One of those colleagues was Denny Nealon, who spent a year mentoring as he rose through Barclays’ ranks. Now he’s the company’s CEO. “Mentors feel just as rewarded as the kids do. Mentors enjoy it and want to keep doing it,” he said.
Barclays’ alliance with EastSide is a component of the company’s workforce development strategy, which also includes partnerships with Delaware State University, Delaware Technical Community College, Tech Impact, the West End Neighborhood House, the Food Bank of Delaware, the NERDIT Foundation and the REACH Riverside redevelopment project.
“We use our resources to create thriving, inclusive communities. Our emphasis less on skill development, and more on giving people the confidence they need to be successful,” Nealon said.
Aaron Bass, EastSide’s CEO, said Barclays now provides the 474-student school with 80 mentors, with each one volunteering an hour a week. In addition, he said, EastSide board members and alumni and Chemours employees volunteer as mentors.
Also participating in Monday’s event was U.S. Sen. Tom Carper, who advocated for passage of the state law enabling the opening of charter schools in 1995 when he was Delaware’s governor and established the Delaware Mentoring Council, which challenged adults to help young people throughout the state realize their potential. Carper took his support of mentoring seriously, mentoring a youth named Daryl for several years and keeping in touch with him ever since.

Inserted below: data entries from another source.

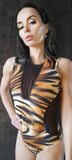 Elegant Body with tulle sleeveless - Tiger print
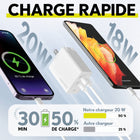 Overtime - Kit de chargeur mural et de voiture avec câble de recharge certifié USB-C de 1,8 m - blanc-Notre kit de chargeur mural et pour voiture avec port USB-C intègre plusieurs dispositifs de sécurité, tels qu'une protection contre les courts-circuits et les surtensions, pour votre tranquillité d'esprit.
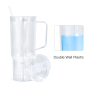 RTS Hole Pre-drilled Mug with Handle Unbreakable 40oz Double Wall Transparent Clear Acrylic Snow Globe Tumbler Bottle BPA Free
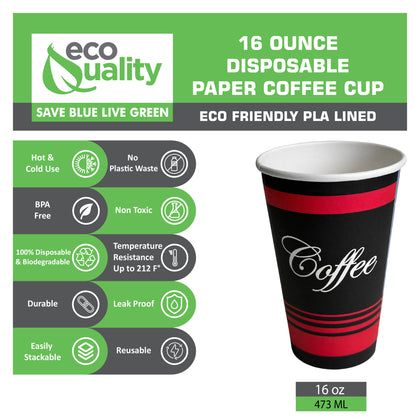16oz Design Disposable Paper Coffee Cups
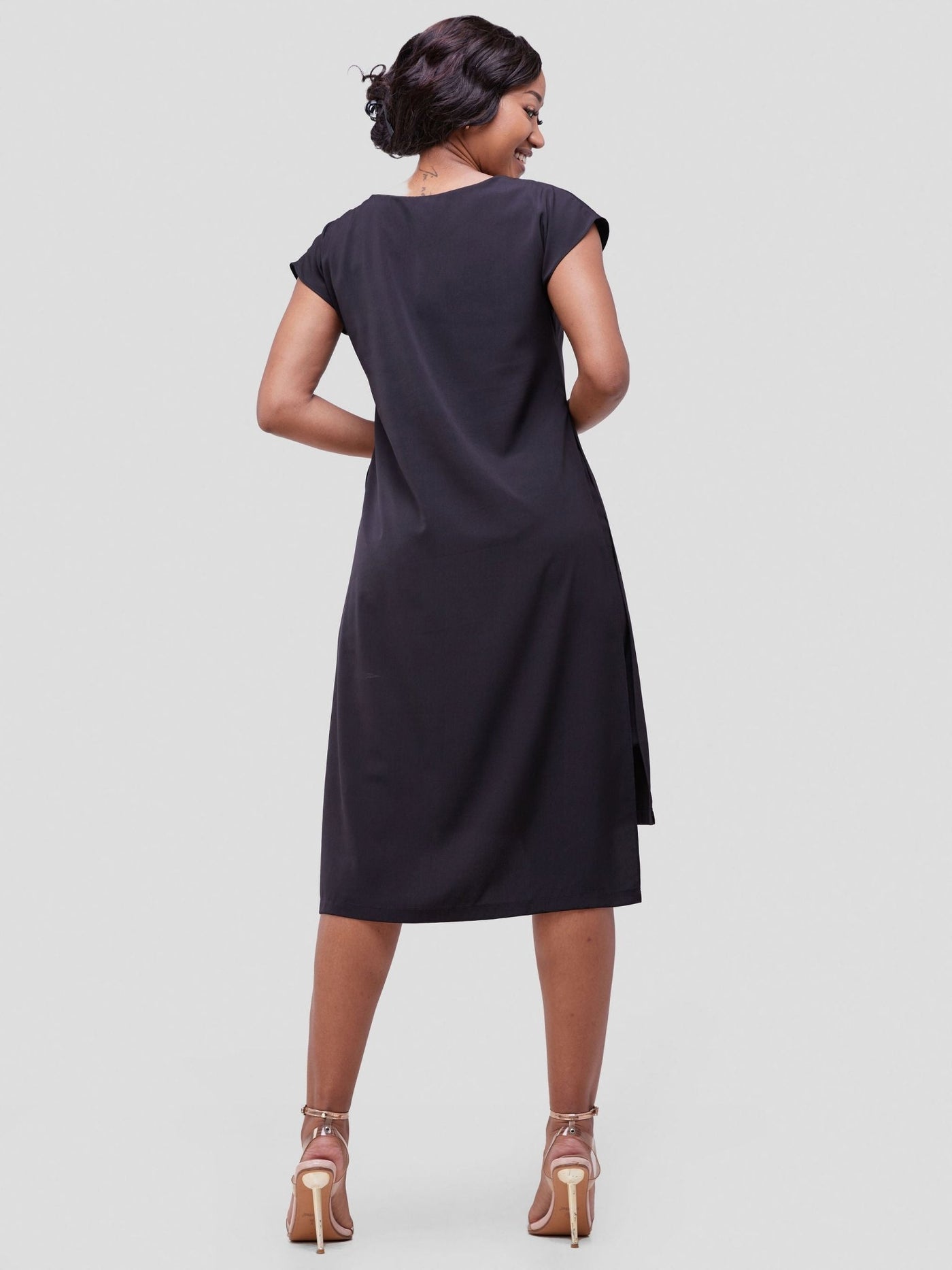 Vivo Soleil Sleeveless Layered Knee Length Dress - Black - Shopzetu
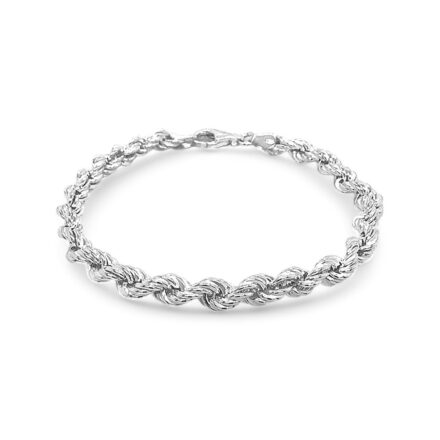 5 mm rope bracelet in 925 sterling silver.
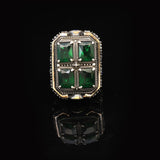 Handmade Emerald and Sapphire Stone Ottoman Ring – Large Statement Vintage Gemstone Ring — image 3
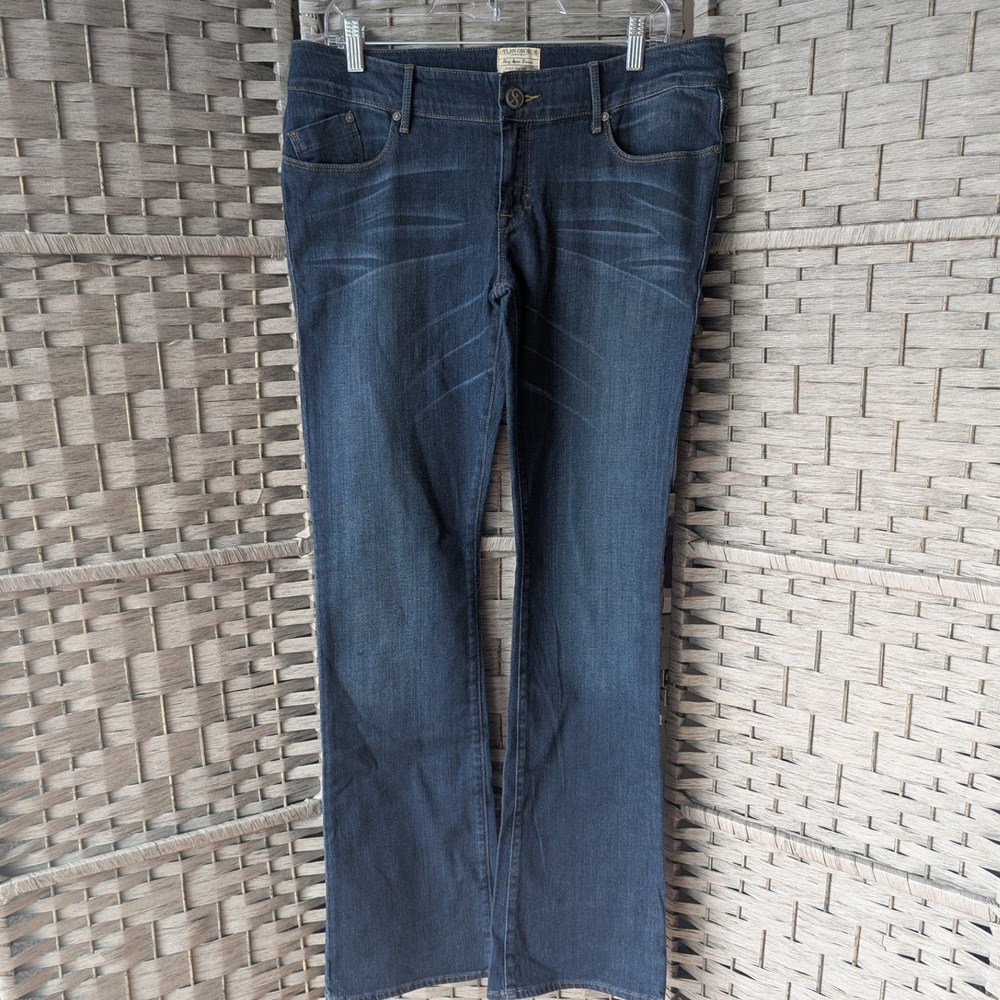 Y2K Dylan George Bootcut Jeans Dark Wash Low Rise Womens 32 Flap Pocket Stretch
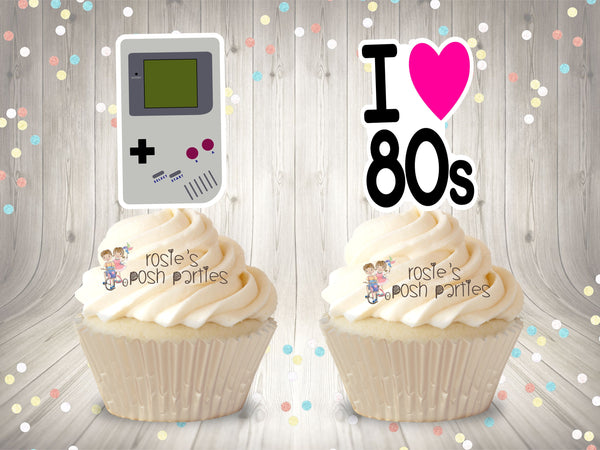 I love 80s Theme Birthday Cupcake Favor | I Love 80s Theme | 80s Cupcake Topper Favor | I love 80s Party | 80s Theme | Party Favor SET OF 12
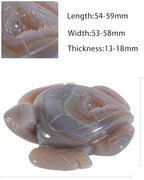 Nupuyai Natural Crystal Agate Druzy Geode Stone Sea Turtle Statue, Hand Carved Stone Animal Figurine Specimen Collectible Ornament for Home Office Decoartion Indoor Outdoor Garden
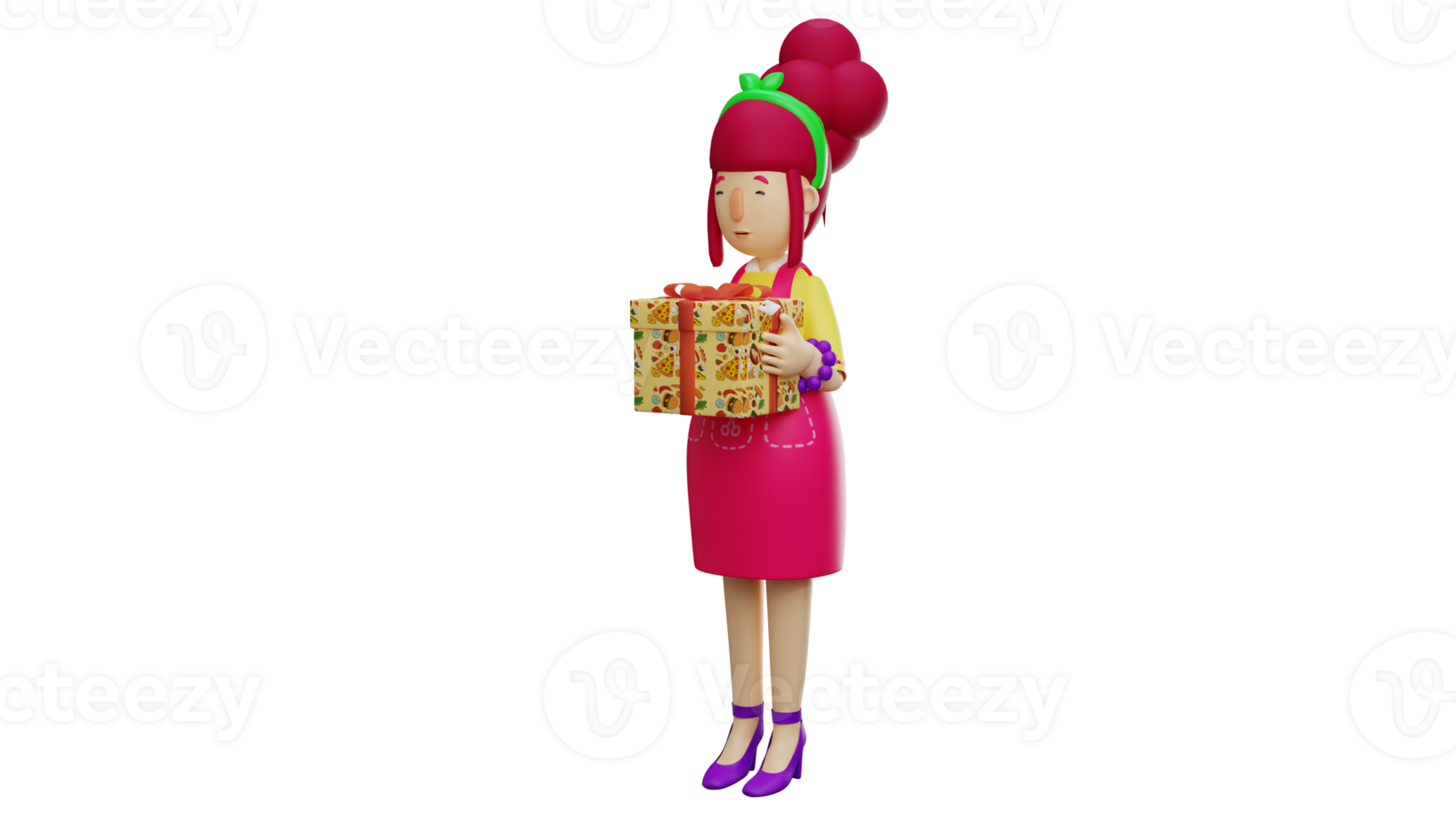 3D illustration. Young Woman 3D Cartoon Character. Romantic mother carrying a gift box. Beautiful woman wearing red apron and ready to give gift. Maid finished wrapping the gift. 3D Cartoon Character png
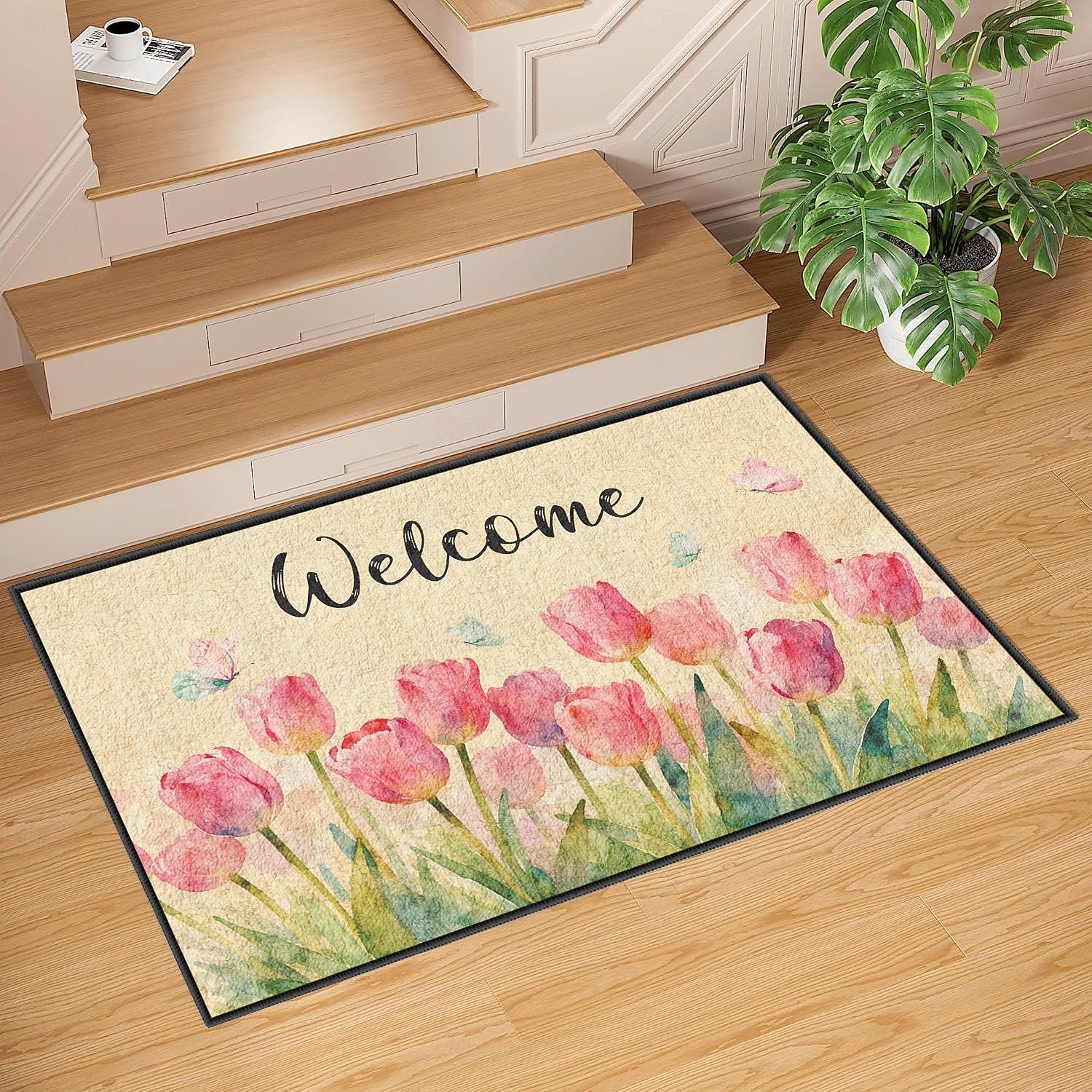 Willkommens-Fußmatte aus Kaschmirimitat mit Tulpenmuster, rutschfest, kurzflorig, für Eingangsbereich, Terrasse, Schlafzimmer und Küche. 2026 - $10.49 –P2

“I believe we all have something positive to contribute to the youth in our communities – be it support, counsel or unconditional friendship. The person who gets probably the most out of it though is the mentor. Mentoring costs nothing, yet reaps so many benefits,” Carper told Delaware Public Media via email.
In addition to providing mentors for its students, Barclays has assisted EastSide in many other ways, Bass said. Among its most notable contributions was a $600,000 grant, plus volunteer hours, several years ago to upgrade the athletic field and playground area behind the school. Both the field and the playground are open for community use outside of school hours.
Building the STEM Hub
While saluting Barclays for supporting EastSide with mentors, Bass, Stewart and McDowell offered appropriate thanks when Nealon announced that the bank was awarding the school a $1 million grant that will cover some costs of the mentoring program but will go primarily toward construction of the new STEM Hub.
“It will be a community facility that also meets the needs of our student body,” McDowell said.
The overall price tag for the construction project is more than $22 million. About $12 million has been raised already, primarily through grants of $5 million from the state and $4 million from Chemours, whose name will go on the building. A combination of tax credits, loans and additional fundraising will cover the rest of the costs, McDowell said.
EastSide expects to wrap up financing details in December and break ground for the STEM Center, to be built on the school’s parking lot, by the end of the year, Bass said. Construction should be complete by the start of the 2024-25 school year, and possibly sooner, he said.
The STEM Hub will provide science classroom and lab facilities for EastSide students, a computer lab, a maker space and meeting rooms for school and community use. New classrooms would replace the temporary structures now used by middle school students. Also included in the project is a cafeteria expansion and a connection to the existing school building.
EastSide has already arranged a partnership with the Wilmington Public Library, which would manage the STEM Hub on evenings and weekends, giving the community access to the computer labs, maker space and meeting rooms. While the details must still be worked out, EastSide officials envision the STEM Hub as the site of career fairs, job training and other services that would benefit residents of nearby neighborhoods.
In anticipation of the construction start, EastSide has moved its middle school students to classroom space at the Teen Warehouse, a social-recreational-education center about a mile south of the school. They will continue attending classes there until the STEM Hub is ready to open.